Provided entries:
+ + + + + + +
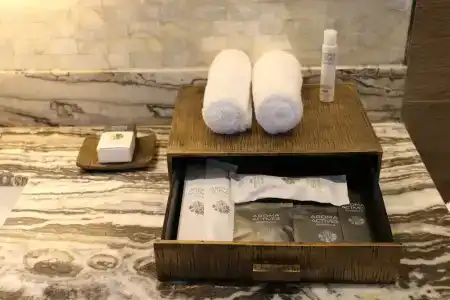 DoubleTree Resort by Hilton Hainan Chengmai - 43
+ + + + + + +
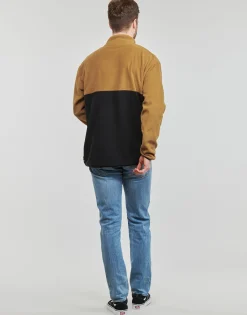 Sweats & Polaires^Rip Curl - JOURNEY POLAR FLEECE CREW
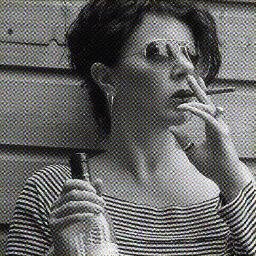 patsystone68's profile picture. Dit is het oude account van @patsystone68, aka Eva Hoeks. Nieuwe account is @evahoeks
+ + + + + + +
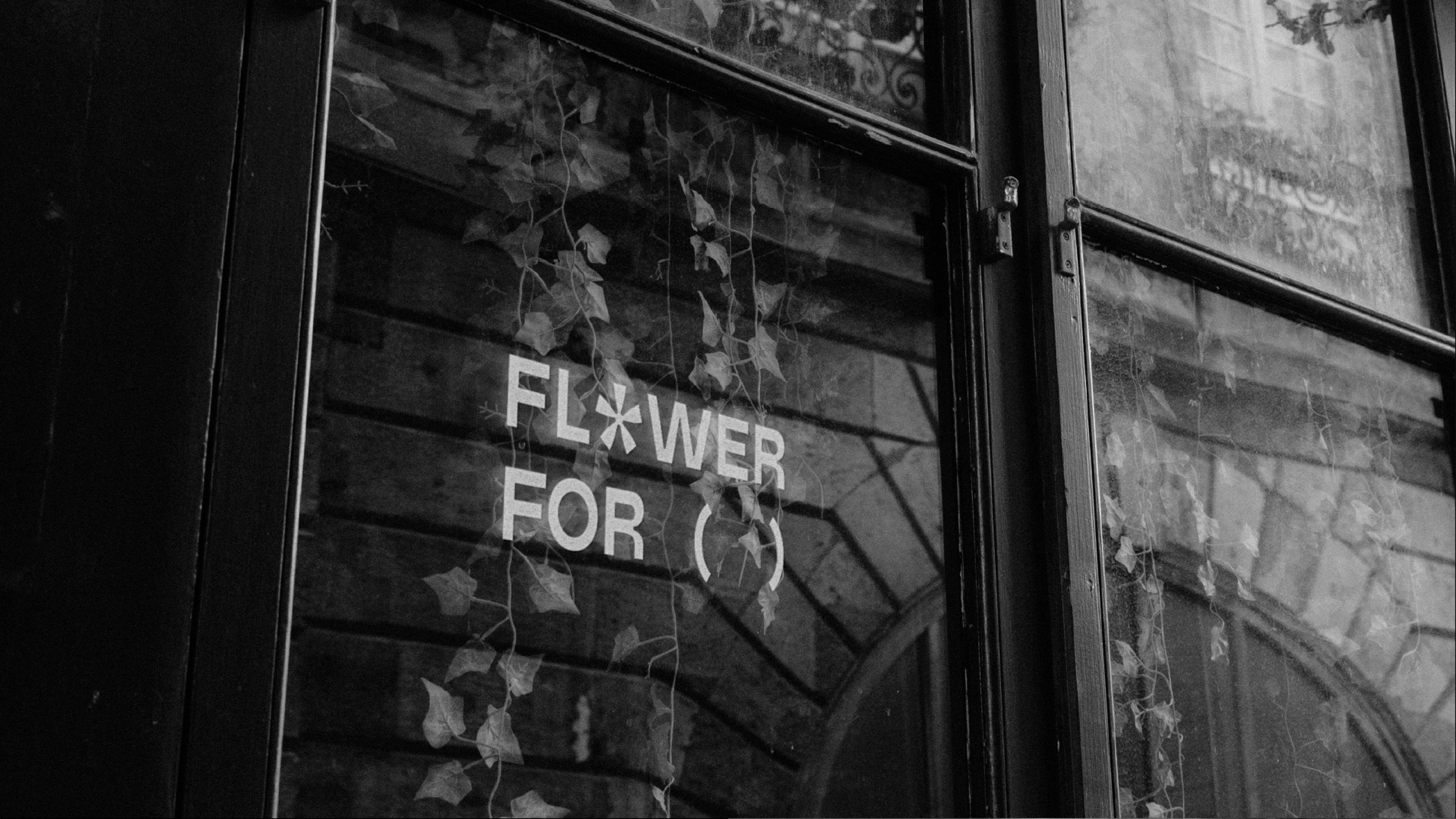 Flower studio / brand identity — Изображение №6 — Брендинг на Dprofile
+ + + + + + +
In the records above, find the line with "Sweats & Polaires^Rip" and the line with "patsystone68's profile picture.". Write out exactly those lines and every one between, with no pictures and no other lines.

Answer box:
 Sweats & Polaires^Rip Curl - JOURNEY POLAR FLEECE CREW
 patsystone68's profile picture. Dit is het oude account van @patsystone68, aka Eva Hoeks. Nieuwe account is @evahoeks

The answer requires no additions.